Many third-party vendors already offer ways to plug ecommerce into the social media environment, mostly driving users to online storefronts with links in social posts. Now Facebook and Twitter are both working to make the experience more seamless, each experimenting with a Buy button that allows consumers to complete purchases with a click or two and without leaving the social network.

Those efforts beg at least a couple questions, however: How many people want to shop in the place where they go to connect with friends? Will many people pause to tap “Buy” while scrolling through discussions about current events?

Answers aren’t evident yet, but you can be sure that some will emerge in 2015. The potential market is too big to ignore. According to U.S. Census data, ecommerce has pulled in $293 billion in sales in the last year.

Shopping Via Twitter

After mostly ignoring transactional opportunities during its early years, Twitter jumped into ecommerce in earnest in February 2013.

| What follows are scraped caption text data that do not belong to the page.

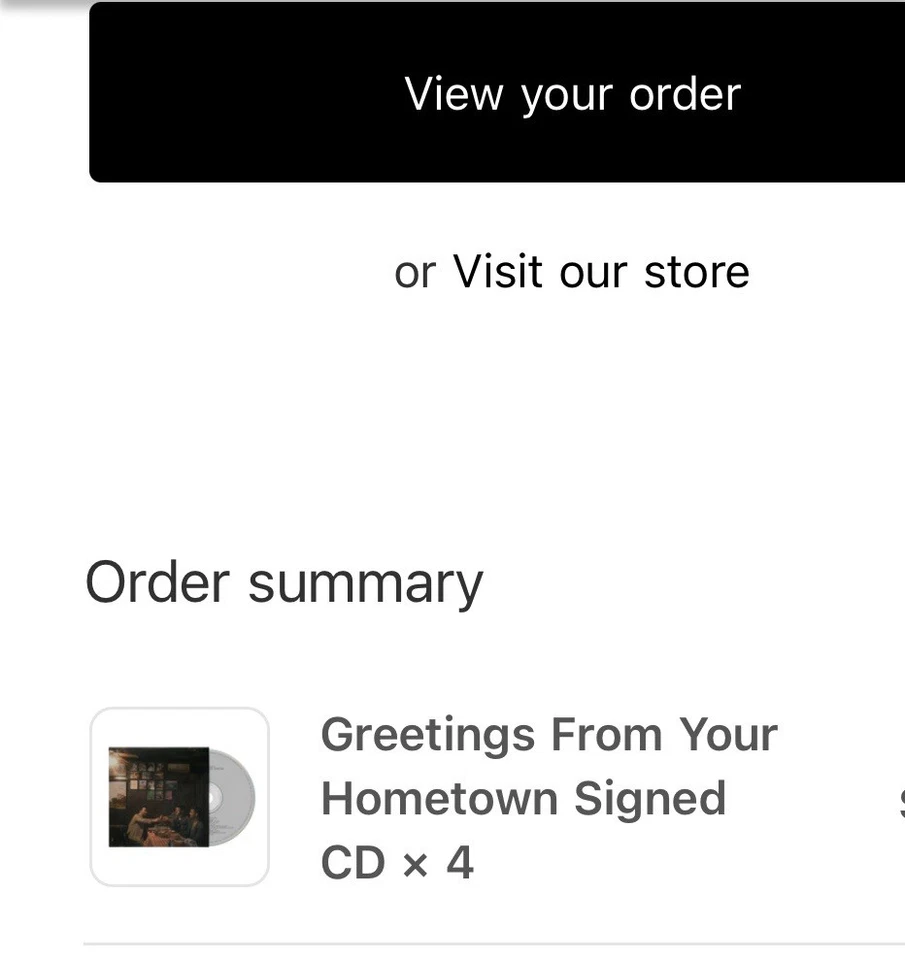 The Jonas Brothers Greetings From Your Hometown SEALED Signed CD Cover Autograph - Image 4 of 4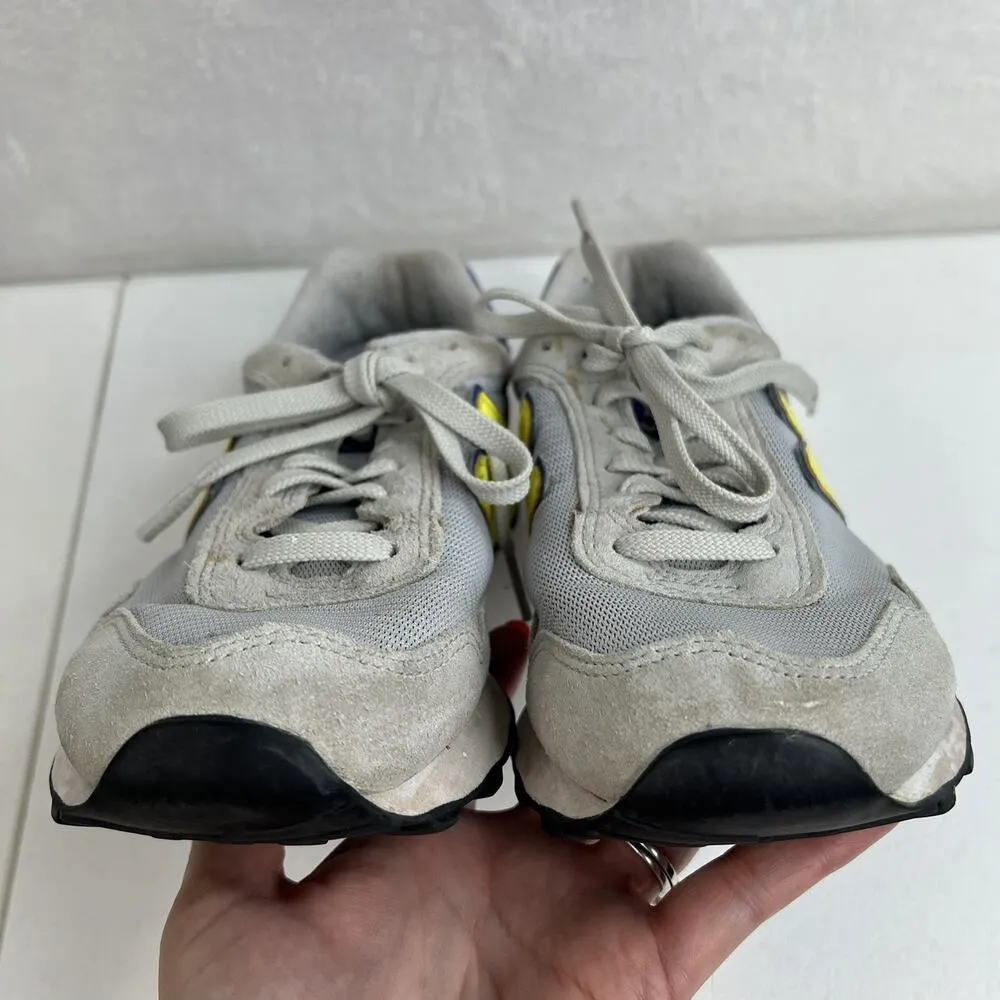 New Balance Size 8 515 Sneakers Shoes Gray Suede Mesh Running WL515AAC Retro - Image 9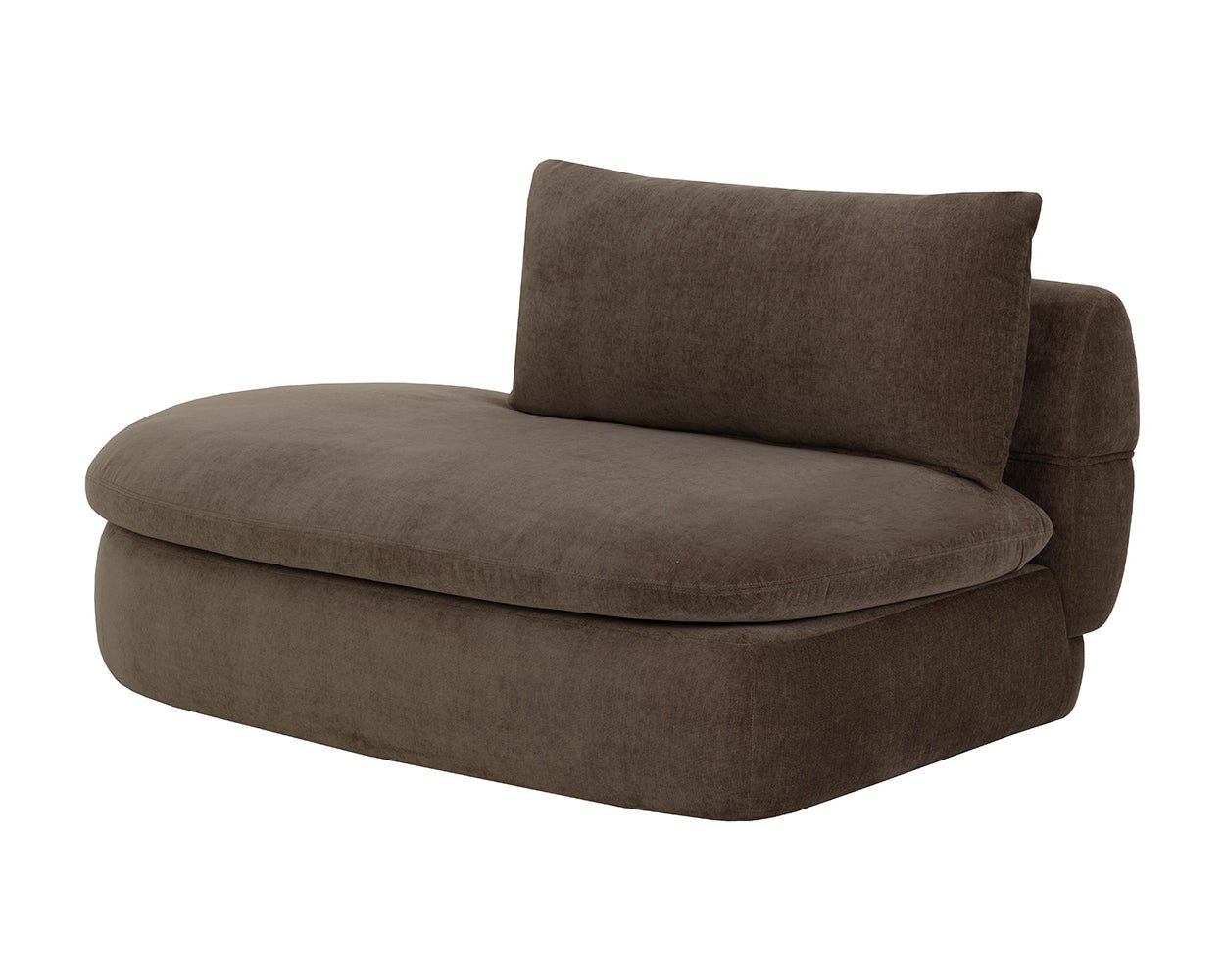 Oressa Modular - Left Chaise Danny Dusty Brown - Image 3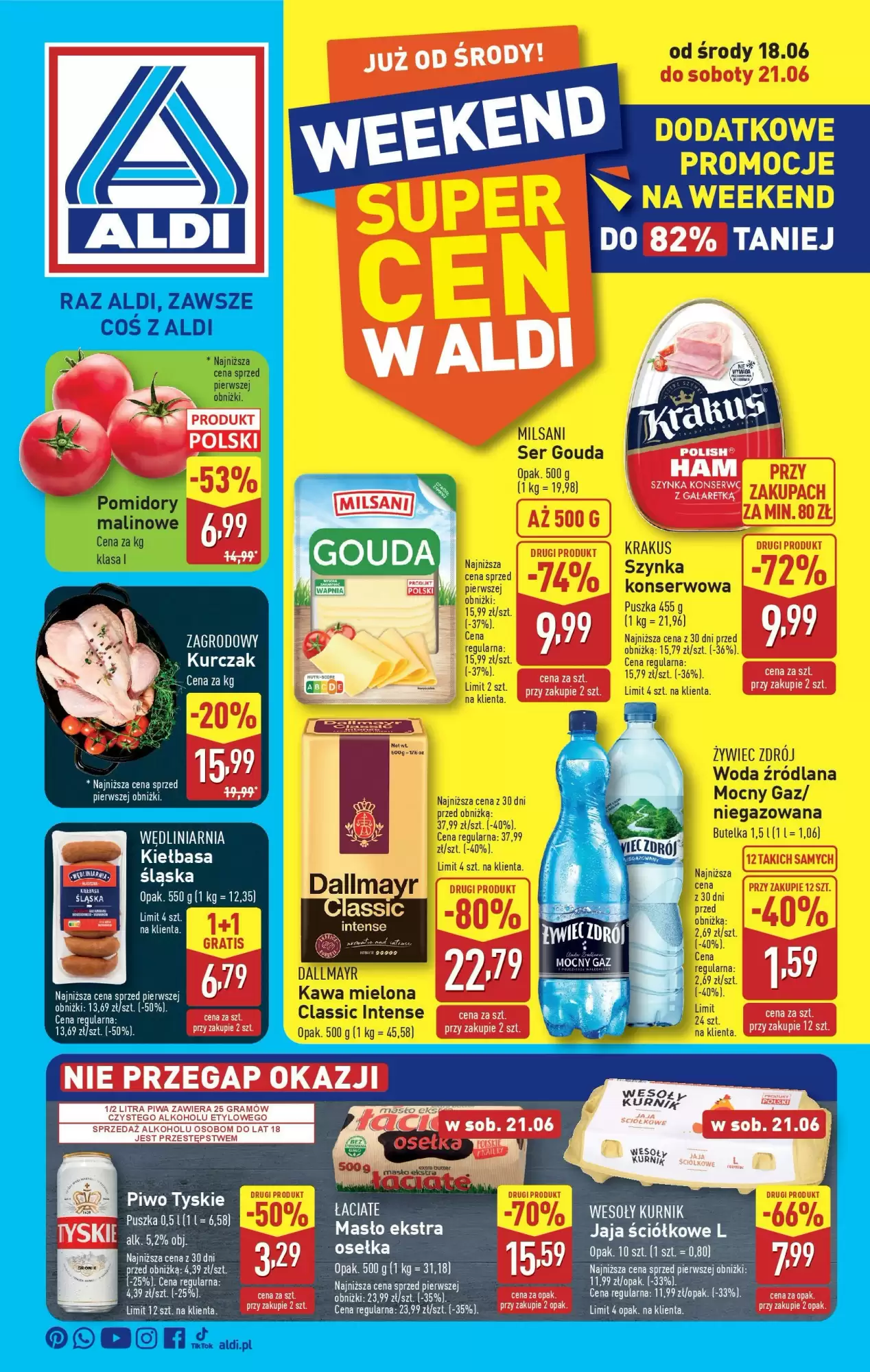 Gazetka Aldi od 18.06.2025 do 21.06.2025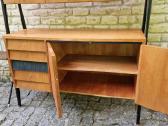 Vintažinė mid century knygų lentyna su darbo vieta - nuotraukos Nr. 4
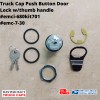 Trimark Truck Cap Push Button Door Lock and Latch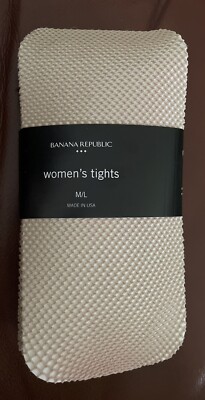 NEW!!! BANANA REPUBLIC Fishnet Tights Camel Beige Sheer M/L MEDIUM/LARGE NWT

The company’s first notable effort gave users the ability to make purchases with a Twitter-synced American Express card and tweeting with a specific hashtag, such as #BuyXBoxController.

It wasn’t a seamless experience, however. After tweeting the hashtag, users received a confirmation tweet from American Express, and to complete the deal they had to respond to that tweet within 15 minutes. Perhaps because of that clunkiness, the feature never gained traction and at some point, American Express quietly stopped offering goods for sale via the program. Today users can load discounts onto their cards by tweeting specific hashtags.

Ecommerce giant Amazon also has hashtag-based integrations with Twitter. When a user puts #AmazonCart in a reply to a tweet that includes an Amazon product link that product is added to his or her Amazon cart. Similarly, using #AmazonWishList in a reply adds items to a user’s wish list on the site.

Again neither are the most frictionless way into consumers’ pocketbooks. And that’s no doubt why Twitter is working hard to hone its native solution before a full-scale launch. The company has been testing a Buy button in tweets since September, working with a handful of ecommerce platforms such as Fancy, Gumroad, Music Today and Stripe and a selected group of brands, artists and non-profit organizations.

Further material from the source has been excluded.